This may surprise you, but one of the most deliberate pitchers in Major League Baseball would prefer not to work on a deadline.
Boston Red Sox pitcher David Price joined ESPN's "First Take" on Thursday and was asked about the possibility of MLB instituting a 20-second timer between pitches during the regular season, a rule change the league is experimenting with in spring training.
"If it's something that happens, that's something I will definitely be able to adjust to," Price said. "But I feel right now with the 20-second pitch clock -- if the pitcher wants to step off, the clock resets, so it doesn't make a whole lot of sense to me."
The rule already has been implemented in the minor leagues as baseball searches for ways to speed up the game. There are stipulations that soften the rule -- a pitcher just needs to start his windup before the 20-second mark, and the timer never will be used on the first pitch to a batter -- but Price wants a more open dialog before timing pitchers at the game's highest level.
"I feel like it's something that has to be done the right way," Price said. "It can't just be an idea that's thought of last night and we try and make it a rule next week. There has to be conversation on both sides with the players and the union and all the owners.
"So, if they think it's going to make the game go five minutes quicker, I don't know. I think fans want to enjoy the experience in the ballpark."
A 20-second limit certainly would disrupt Price's routine. The 33-year-old averaged 26.9 seconds between pitches last season, per FanGraphs, making him one of the 10 slowest-working pitchers in MLB.

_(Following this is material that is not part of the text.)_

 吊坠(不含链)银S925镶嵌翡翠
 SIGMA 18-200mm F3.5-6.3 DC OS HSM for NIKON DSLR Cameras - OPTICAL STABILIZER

But would Price be willing to work a little quicker to help make the game appealing to young eyeballs?
Sure, but it doesn't sound like he'd be thrilled.

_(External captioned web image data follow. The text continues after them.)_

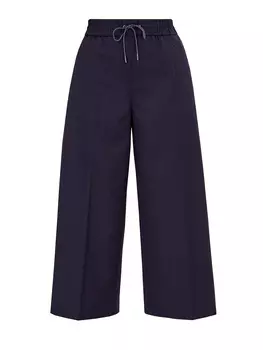 Кюлоты из тонкой шерстяной ткани с ювелирными цепочками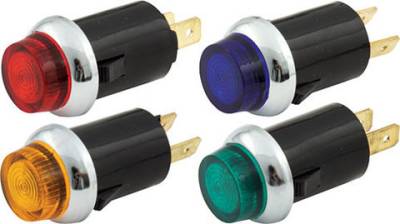 QUICKCAR RACING PRODUCTS - QuickCar Racing Products QRP61-706 Warning Light Kit 3/4" Red/Blue/Green/Amber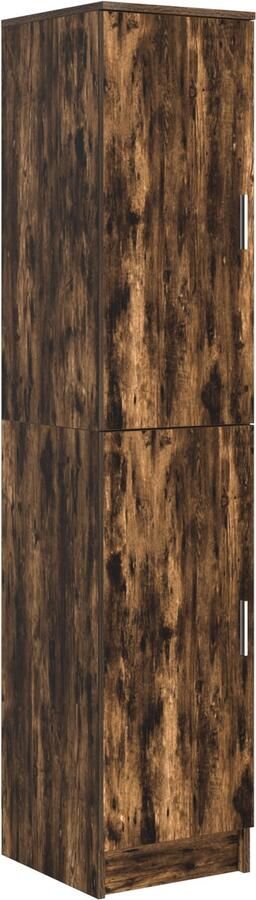 VidaXL Buffetkast Gerookt eiken Bewerkt hout Groot Buffetkast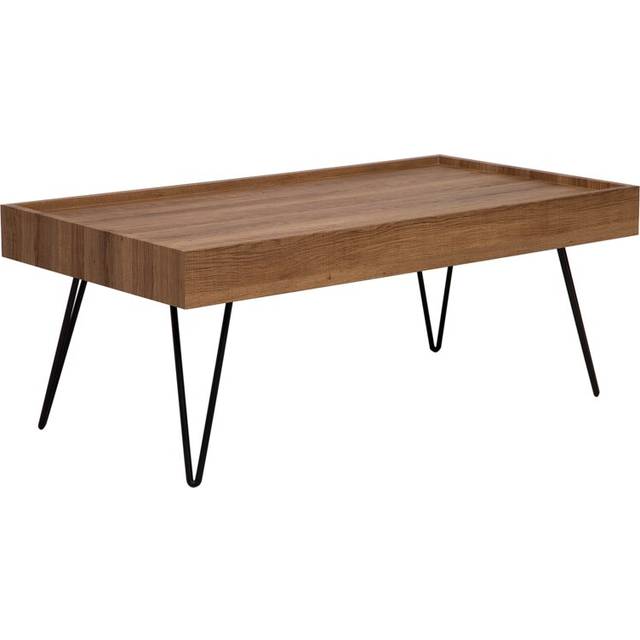 Bloomsbury Market Springfield 4 Legs Coffee Table Light Wood 43cm H X 110cm W X 60cm D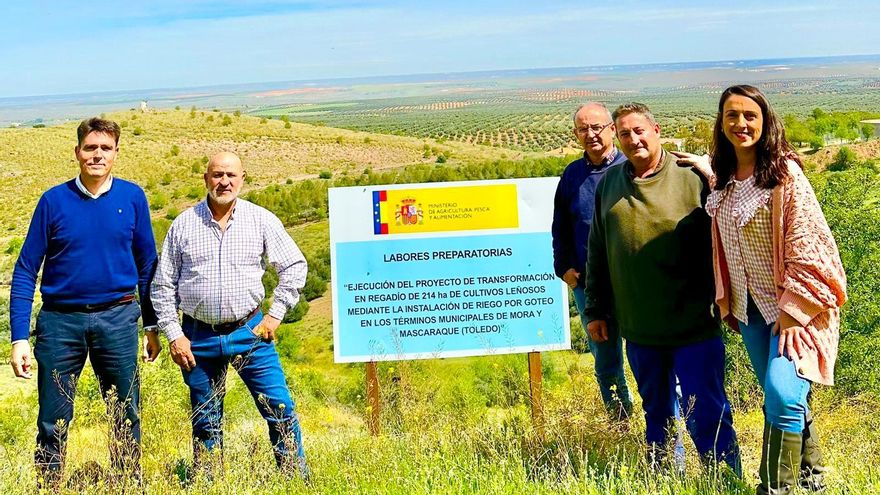 Avanza el proyecto de regadío de Mora para 214 hectáreas con más de 10 millones de euros de inversión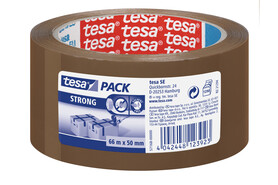 Klebeband Tesa PP 50mm 66lfm braun, Art.-Nr. 57168-BR - Paterno B2B-Shop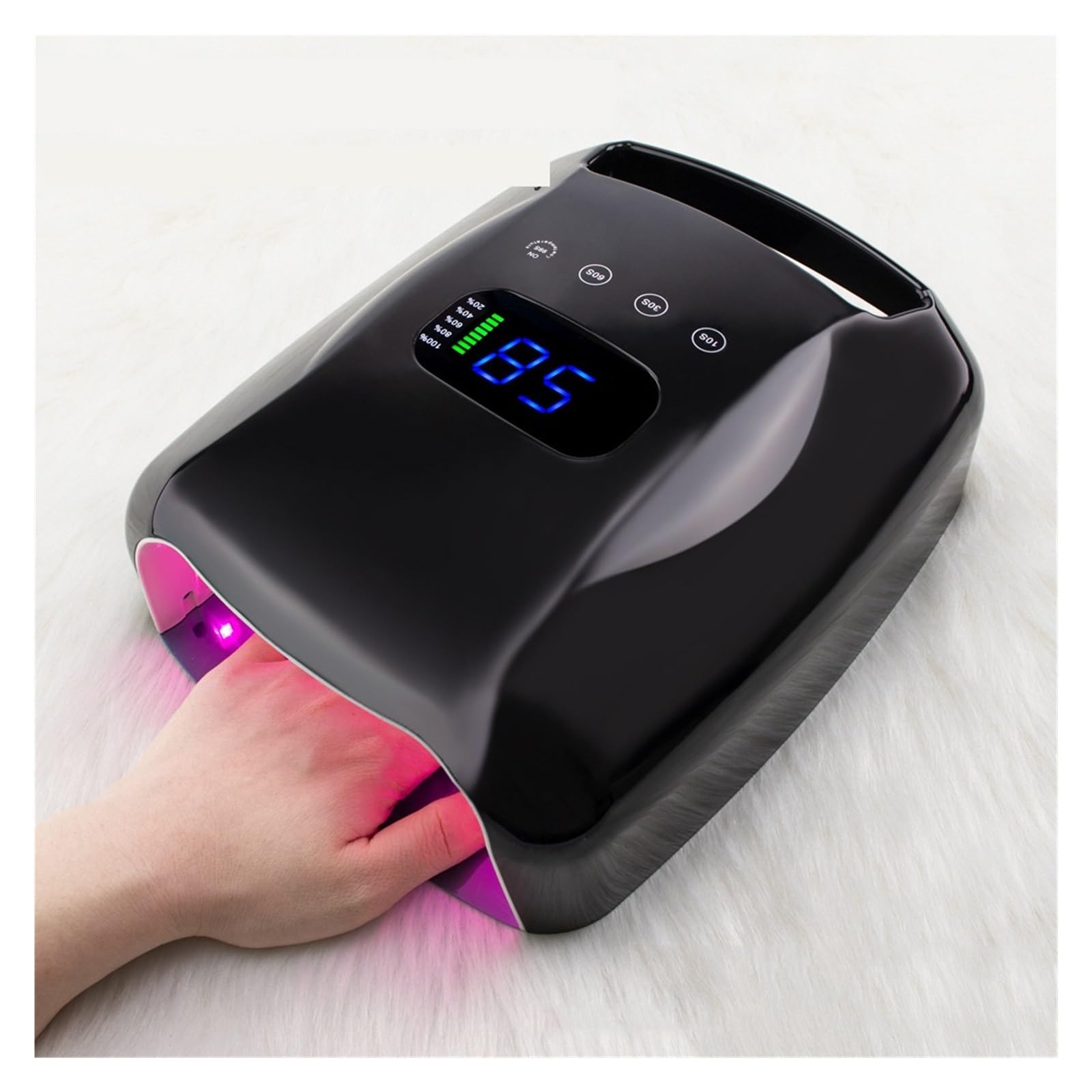 Lampa UV do Paznokci, Lampa LED UV do paznokci Bezprzewodowa lampa LED UV do paznokci Profesjonalny bezprzewodowy akumulator Suszarka do paznokci Maszyna do manicure 96 W Lampa do przenośnego utwardza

"If that's the case, I'm up for it," Price said. "I'll have to go do a little conditioning and whatnot, because that is a pretty rapid pace. But if that's going to help grow that younger demographic, I'm completely fine with it."
MLB isn't pulling the trigger on regular season pitch clocks just yet, so Price is safe for now. If it does, though, perhaps he can take notes from Chris Sale, who averages just 20.4 seconds between pitches in his career.